Abstract Topic: 19. Aggressive Non-Hodgkin lymphoma - Clinical
Background: The increase in older, less fit patients with lymphoma and the increasing cost of healthcare has introduced a new reality physicians must face: the decision of the best non-intensive treatment for non-fit patients to reduce toxicity and prioritize their quality of life.

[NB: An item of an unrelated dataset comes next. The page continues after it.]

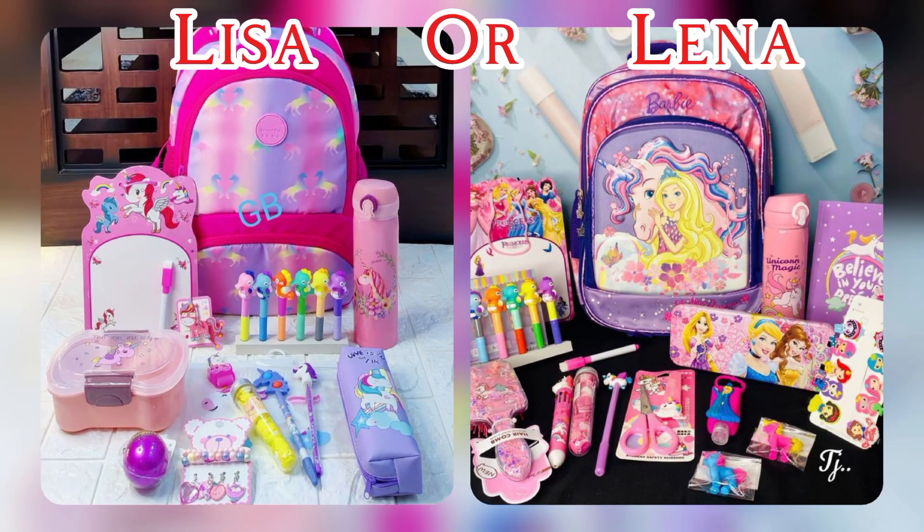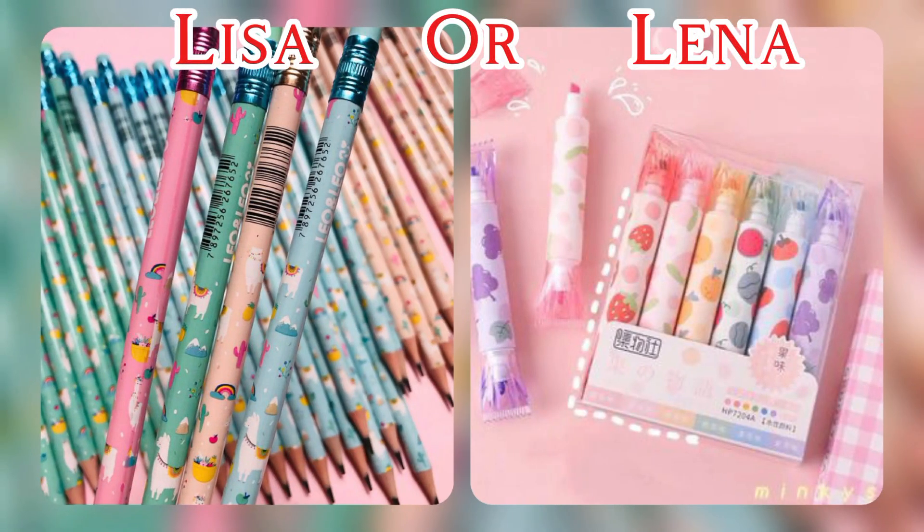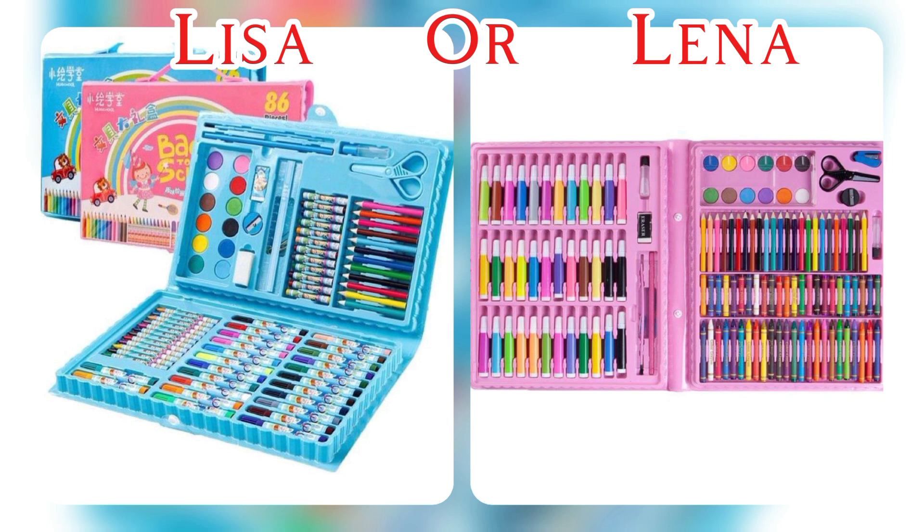School supplies are items that students need for their studies and daily school activities. The supplies can include many things: notebooks, pencils, erasers, rulers, calculators, backpacks, lunch boxes, and more.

Novel therapies are improving outcomes in relapsed refractory non-Hodgkin lymphoma (R/R NHL). However, frail patients are not eligible for these and less intensive approaches are indicated for disease symptom control. The cyclophosphamide, thalidomide, dexamethasone (CTD) regimen is widely used in multiple myeloma but experience in lymphoma is limited.

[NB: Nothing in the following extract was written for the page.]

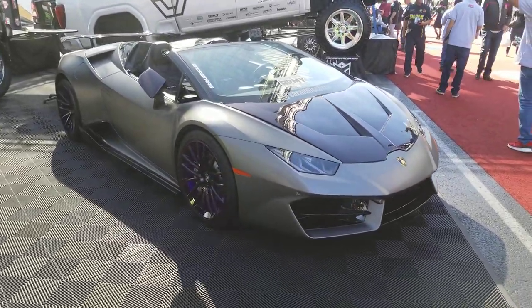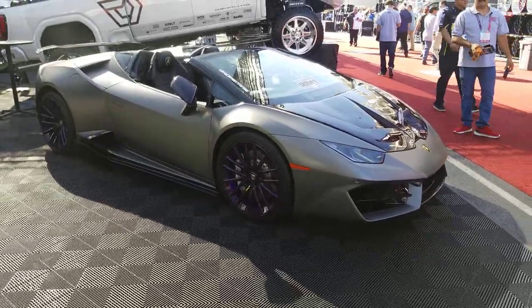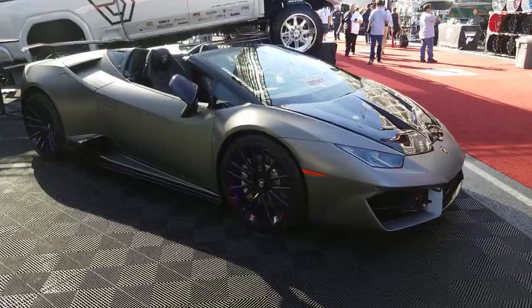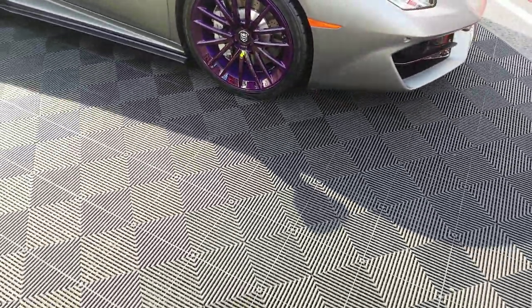It's your boy KB from Dozen Tires TV, looking at a Lamborghini Huracan. Got the Dropstars Forge wheels, the Monoblock wheels. You can get these at a really good price. These are custom painted purple, as you can see — great looking wheel for a really good price.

Aims: Assess efficacy and toxicity of CTD in R/R NHL.
Methods: Retrospective study of patients treated with CTD (C 500mg days 1, 8, 15; T 100mg days 1-28; D 20mg days 1-4 and 12-15) for a diagnosis of R/R NHL treated at Guy’s Hospital. Fifteen patients were from this centre and 3 were referred from other hospitals. Demographic data, information related to the patient’s baseline status, toxicity and response to treatment were analysed. Response to treatment could not be assessed in 7 patients. Progression was clinically in 2 patients, in 4 cases with PET/CT and in one with MRI. All statistical tests were performed with the IBM SPSS Statistics v. 26.0. Quantitative variables are expressed through variables of central tendency, median, and interquartile range.
Results: A population of 18 patients with NHL treated with CTD schedule between 2012 and 2019 was analysed: 55.6% (n=10) females and 44.4% (n=8) males. Median age was 72 (range 68-79), 89% (n=16) were over 60 and 16.7% (n=3) were over 80. One patient started chemotherapy without thalidomide due to previous neuropathy.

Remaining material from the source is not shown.